# [RECORDS PROVIDED]
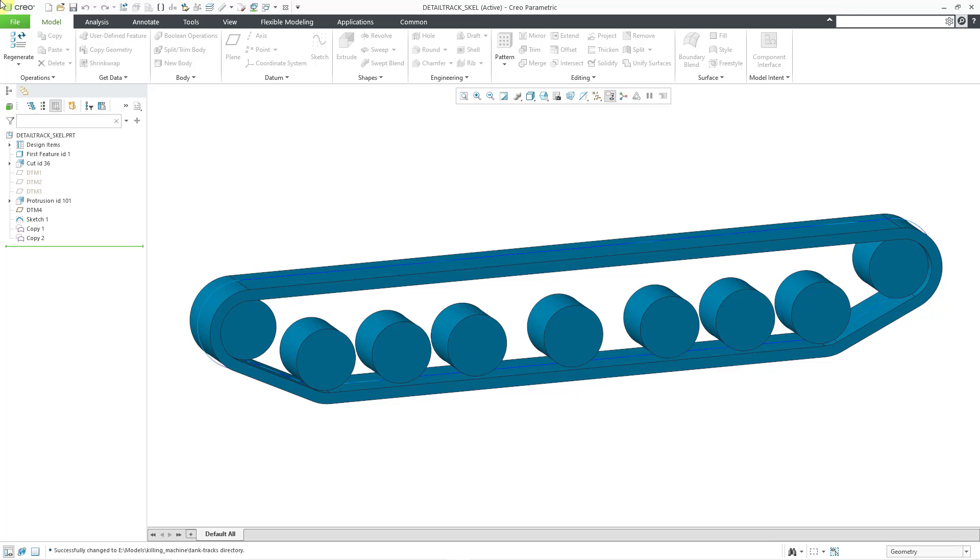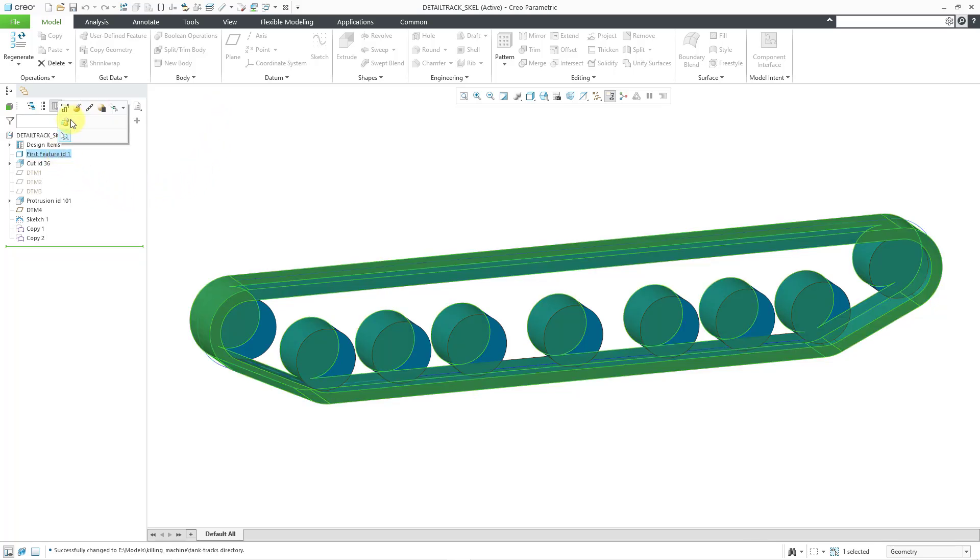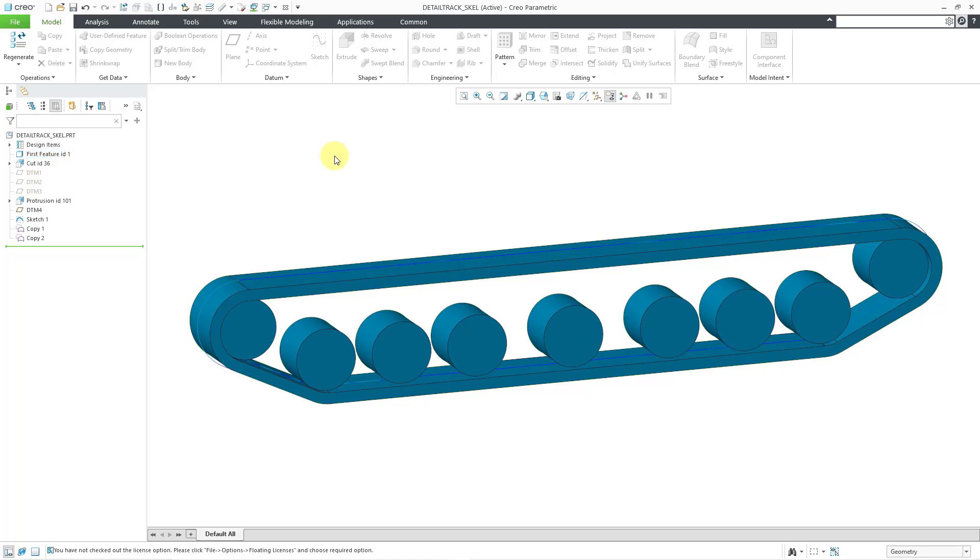For example, here I am with a skeleton model and I'm using a license configuration without the advanced assembly extension. You'll notice that my model tab is pretty much all grayed out. If I select a feature and try to edit definition, I'm going to get a license error. So let's say I want to work on this as a regular standard part.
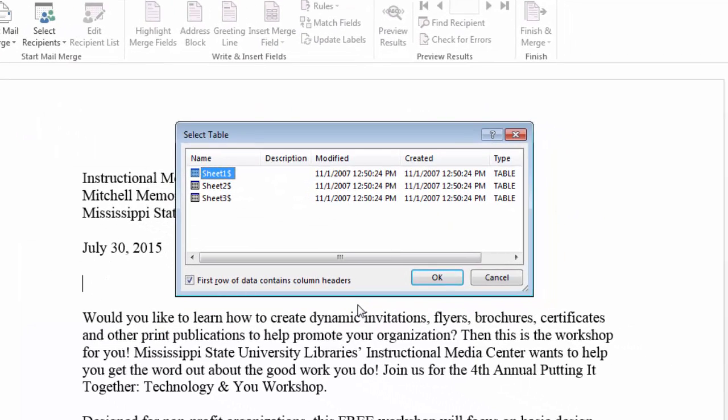Now you have the option to select the sheet that contains the information. In this case I want sheet 1 which is where I have my names and addresses and in that spreadsheet I do have a first row that contains column headers such as first name, last name, address, etc. So I want to leave that checked and then click OK.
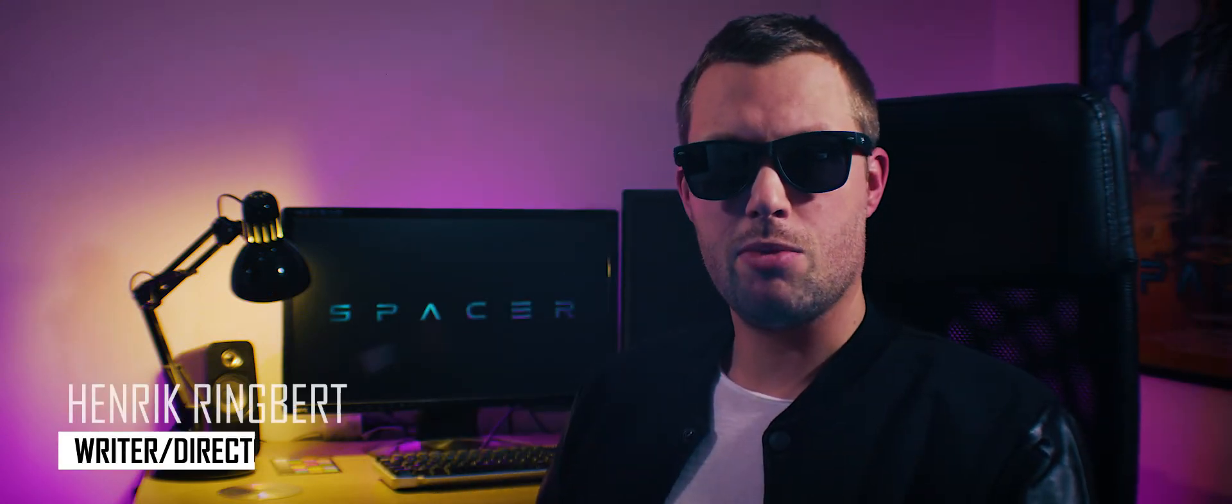Hi, my name is Henrik and I'm the director of Spacer and the founder of Radical Empire, and this is the making of Spacer.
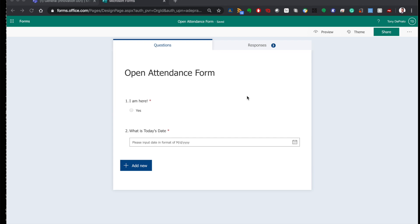The answer is yes. You can have just one form that is used every day and you only have to post it once. Let me show you how that works.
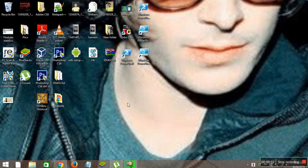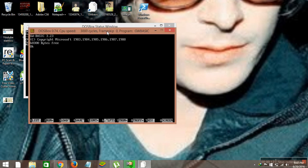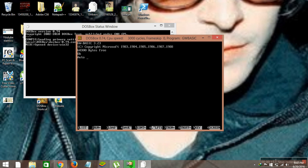Hello guys, welcome to my next video. In this video I'm going to tell you how we can make a program for taking the average of three numbers. First we will type AUTO — as I have already discussed, the AUTO statement is used for automatic line increment. And CLS will clear the screen when the program executes.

# [ABOUT THIS EXERCISE]
Only the lines from the line with "Now you have" to the end of the records should be repeated, exactly and without pictures.

# [SOLUTION BELOW]
Now you have the option to select the sheet that contains the information. In this case I want sheet 1 which is where I have my names and addresses and in that spreadsheet I do have a first row that contains column headers such as first name, last name, address, etc. So I want to leave that checked and then click OK.
Hi, my name is Henrik and I'm the director of Spacer and the founder of Radical Empire, and this is the making of Spacer.
The answer is yes. You can have just one form that is used every day and you only have to post it once. Let me show you how that works.
Hello guys, welcome to my next video. In this video I'm going to tell you how we can make a program for taking the average of three numbers. First we will type AUTO — as I have already discussed, the AUTO statement is used for automatic line increment. And CLS will clear the screen when the program executes.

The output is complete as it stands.